Their desired settlement was so close, but it appeared to be slipping away before their eyes. (p. 195)

Chapter 9, Note 69 . . . for sources and discussion of the debates over which lands were to be reserved for white and which for Native settlement. (p. 269)

Little Bear was not alone in concern over the most arable tracts of land being surveyed for white settlement.[1] Fort Belknap Superintendent Jewell D. Martin gave a report in August detailing the number of Indians he estimated would be settled as “Rocky Boy’s Band” and commented extensively on the quality of lands. The climate of Fort Assiniboine was poor, but there were a few select tracts of land that could be irrigated and profitably farmed. Unfortunately, these lands were not being reserved and were not being surveyed for the Indians.[2] Finally, a lengthy memorandum prepared for the Office of Indians Affairs concluded its exhaustive history of the recent efforts to settle Rocky Boy’s band with an appraisal of the two townships chosen for their settlement: “In this connection, however, it may be stated that there is not sufficient agricultural land in the two southern townships to provide for these Indians.”[3]

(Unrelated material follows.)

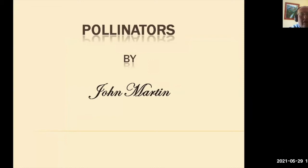This morning, in conjunction with Cork County Library and Grow It Forward, I'm going to give you a small talk on pollinators. On the screen we have 'Pollinators by John Merton'.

[1] Robert W. Livingston to Cato Sells, June 14, 1915, RG 75, Ft Belknap Agency, Letters received from CIA-1878-1927, NARA-RMR; and Frank B. Linderman to Franklin L. Lane, July 10, 1915; Little Bear, Rocky Boy and Peter Kennewash to Frank B. Linderman, July 5, 1915; Frank B. Linderman to Little Bear, Rocky Boy and Peter Kennewash, July 10, 1915; Frank B. Linderman to Franklin K. Lane, July 10, 1915; Linderman Papers, MSHS; and “Proposed Reservation for Rocky Boy’s Band of Chippewa and Cree Indians,” data from Robert W. Livingston’s U.S. Surveyor Report, RG 75, Belknap Agency Letters, NARA-RMR.

[2] Jewell D. Martin to Cato Sells, August 9, 1915, RG 75, Belknap Agency Letters, NARA-RMR.

[3] “Memorandum,” August 29, 1915, 7, RG 75, RB Files, NARA-DC, Part 5.